Cette collusion d’intérêts convergents entre la Maison Blanche, la Banque Mondiale et le FMI a été dénoncée par Joseph Stieglitz, prix Nobel d’économie et ancien économiste en chef de la banque mondiale, au cours de plusieurs de ses derniers essais.
Et pour cause, cette institution fonctionne comme une banque toute à fait ordinaire : elle collecte des fonds qui vont répartir de façon proportionnelle, les rôles au Conseil d’administration. Conseil où les américains ont toujours eu un vote majoritaire, donc une forme de droit de veto, car ils sont les principaux contributeurs en devise internationale. Cela dit, l’époque où les dirigeants du Trésor Fédéral n’hésitait pas à faire tourner la planche à billets pour cracher du dollar et a fortiori garder la main mise sur le fonds semble un peu moins féroce à l’heure actuelle.

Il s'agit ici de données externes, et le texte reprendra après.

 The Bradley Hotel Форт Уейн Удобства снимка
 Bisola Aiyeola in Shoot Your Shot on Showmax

Mais la question de l’attitude diplomatique et politique qui accompagne l’octroi de prêt à des pays en proie à la pauvreté reste ouverte : l’argent, autrement connu sous le nom de nerf de la guerre, s’est-il définitivement transformé en massue géopolitique martelant l’économie libérale à ceux qui n’en ont pas besoin ?

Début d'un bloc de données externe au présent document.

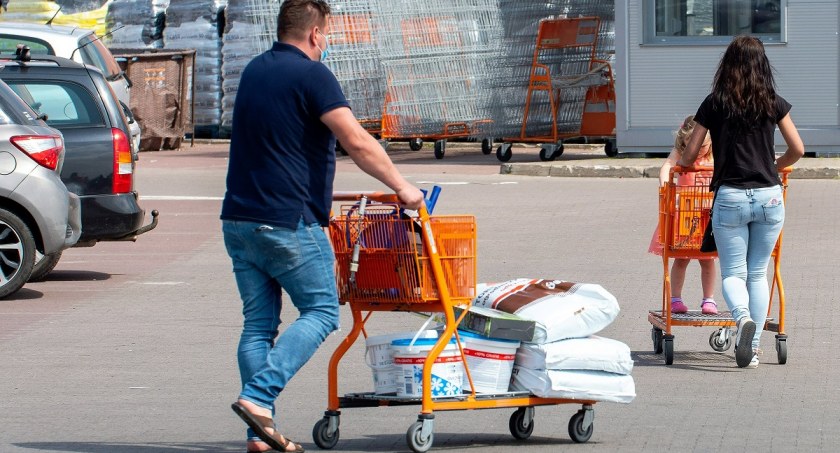 Przez inflację Polacy odpuszczają remonty. W sklepach budowlanych widać duże spadki ruchu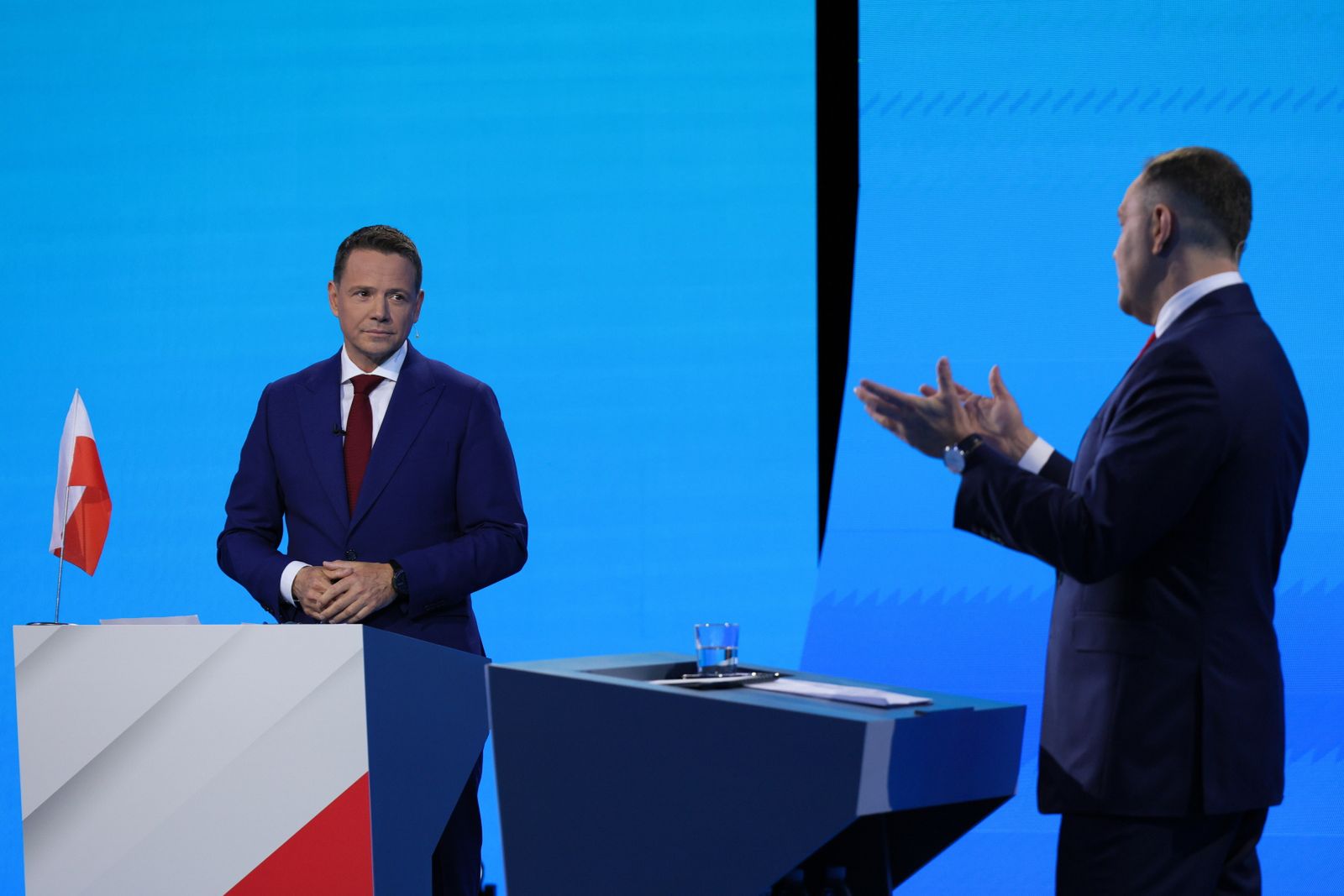 "Pojawił się ten grymas". Ekspert pokazał, co robił Trzaskowski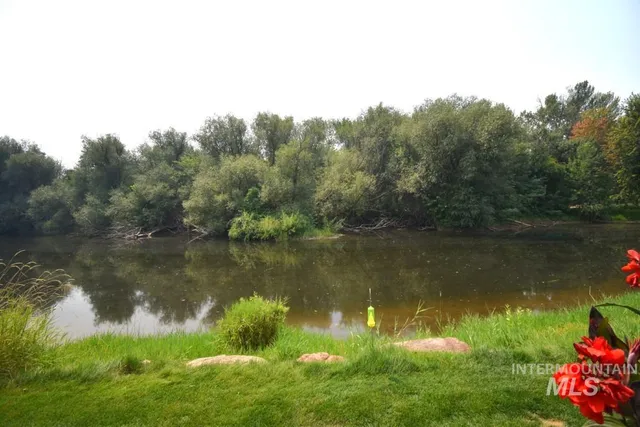 $3,000 | 1193 East Lone Shore Drive, Eagle, ID 83616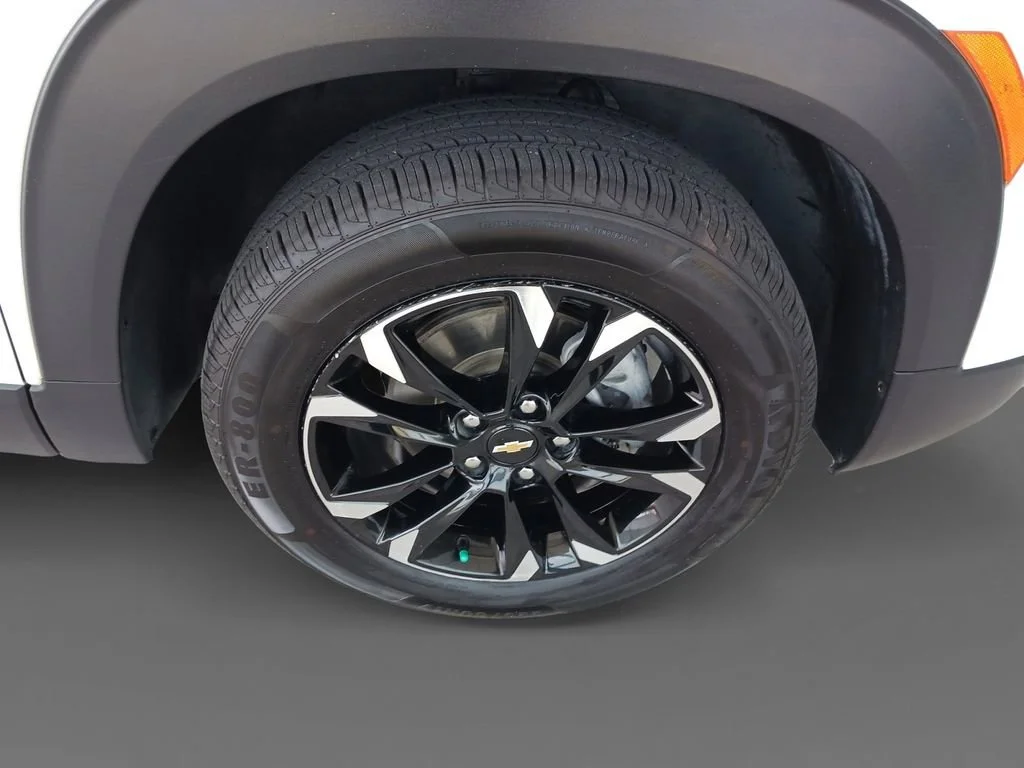 Used 2023 Summit White Chevrolet LT image 16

Cela va être difficile en France où les socialistes mirent DSK comme un messie pouvant guérir les plaies putrides du parti socialiste, mais il faudra surveiller avec attention les conditions diplomatiques dans lesquelles sont contractés ces prêts. Servent-ils réellement à lisser le reflux économique causé par la crise avec la chute grave du cours des matières premières, principales sources de revenu de ces pays, et par le coup d’arrêt porté aux investissements industriels sur leurs territoires ? Ou servent-ils toujours, derrière des conditions financières plus alléchantes (moins d’intérêt, déblocage plus rapide des fonds) de piqûre de rappel aux fondamentaux d’Adam Smith ? En temps de crise financière, ça serait gonflé. Mais… à suivre, certains n’ont jamais eu froid aux yeux, même à l’heure du blizzard boursier.